Murphy to 2014 PhD Candidates: Create Your Own Career
The Duke Graduate School held its 2014 PhD hooding ceremony on May 10 at the Durham Convention Center, where 205 PhD candidates received their hoods and celebrated the successful completion of their graduate studies.
The students were part of the 333 PhD candidates who graduated from Duke during the 2013–2014 academic year. Nearly 1,500 family members, friends, faculty, and staff attended the hooding ceremony.
Evelyn F. Murphy, who earned a PhD in economics from Duke in 1965, received The Graduate School’s Distinguished Alumni Award during the ceremony and addressed this year’s graduates, encouraging them to "create a career that's unique to you—one that embraces your values and uses your special talents (see her full remarks)."
Photos from the 2014 PhD Hooding Ceremony
Remarks by Evelyn F. Murphy, PhD
Recipient of the 2014 Distinguished Alumni Award
Thank you Dean McClain and members of the committee for this distinction. I am deeply touched. And thank you to all the Duke professors who imbued me with an intellectual love of economics that has lasted a lifetime.
You just heard that I was in politics in Massachusetts. So now you know that I am a recovering politician. And we recovering politicians love a captive audience like you! But here’s my predicament. I’ve sat where you are several times. And I cannot remember the name of one graduation speaker....much less what they said.
So I know that I’m a fleeting figure in your life. But if I could plant one notion in your memory today, it’s this: create your own career.
Don’t just follow a course that you think is expected of you; or that you see someone else pursuing. Create a career that’s unique to you—one that embraces your values and uses your special talents.
So here are my three ingredients to successfully create your own career.

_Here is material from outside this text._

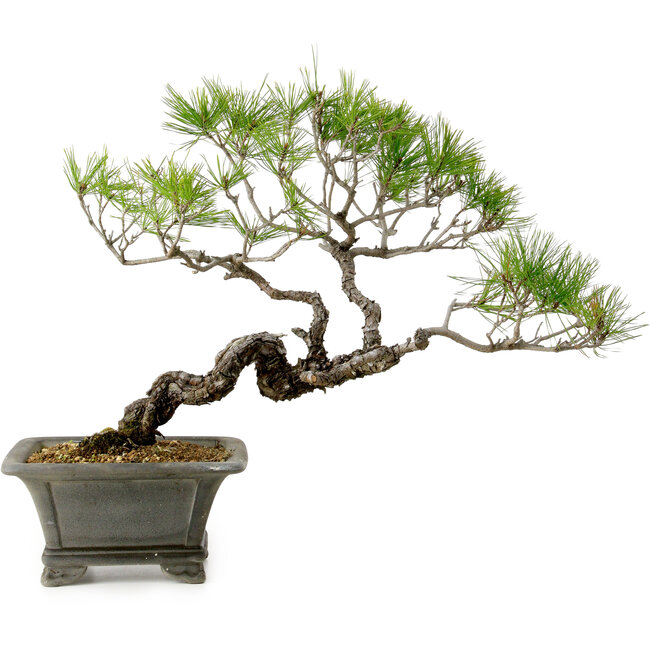 Pinus densiflora, 45 cm, ± 20 años de edad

First ingredient: We’ve all heard the platitude to aim high. That’s not good enough. Aim higher. Aim to make the largest contribution—to have the biggest impact—on our society that you can. Earning your PhD from Duke is proof that you have the skills to be incredibly productive. You can have an enormous impact.
Aim higher also because you can take risks. Your PhD is a financial safety net. I always knew that if I lost an election, my PhD in economics would enable me to earn a living giving lectures, teaching, or consulting.

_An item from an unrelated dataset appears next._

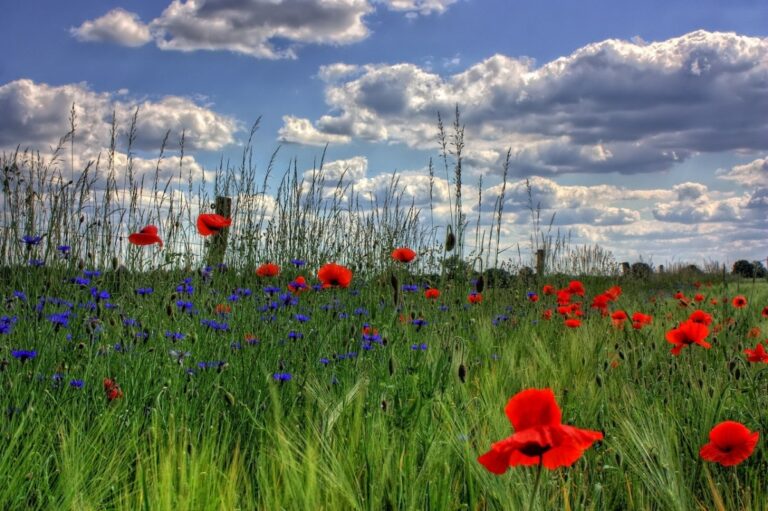 Hay muchas flores silvestres rojas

That’s exactly what happened. You heard that I was the first woman elected to constitutional office in Massachusetts. You didn’t hear that I lost my first campaign for Lt. Governor. It took me eight years to finally get elected. And through those years, my PhD enabled me to earn a decent living.

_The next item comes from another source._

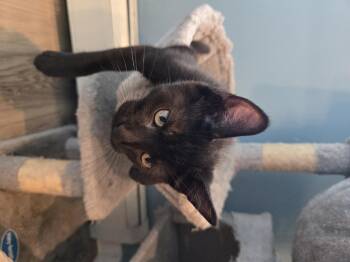 Harp -  Domestic Short Hair Cat for Adoption in Bethel Park, Pennsylvania - Harp | PetCurious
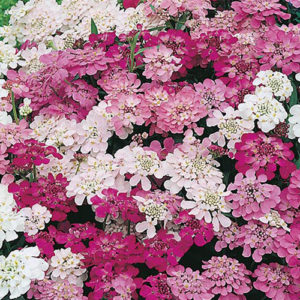 Candytuft Fairy Mix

The second ingredient is adaptability. When you create your own career, be adaptable. Careers usually don’t follow a straight line. After I graduated from Duke, I started working in a nonprofit organization. Then I worked for an international business. Then I went into state government, back to a nonprofit, back to state government, then back into business. Now I’m again running a nonprofit.
Sometimes these changes were my choice; sometimes they were not. You heard about my battle, when I was secretary of environmental affairs, to protect the vast fishing grounds on the Georges Bank from contamination by drilling for oil and natural gas. The value of one week’s supply of gas did not justify risking this food supply. But the next governor didn’t agree. He supported the oil industry and sent me packing. So, I returned to nonprofit work.
You have to be willing to move from one sector to another in order to keep working on issues that reflect your values. Whether you find yourself working in government, a nonprofit, or industry, learn the levers of influence in each realm while you’re there. Each is complex and different. In doing so, you will learn about the interplay of government and business, and how best to make your contribution.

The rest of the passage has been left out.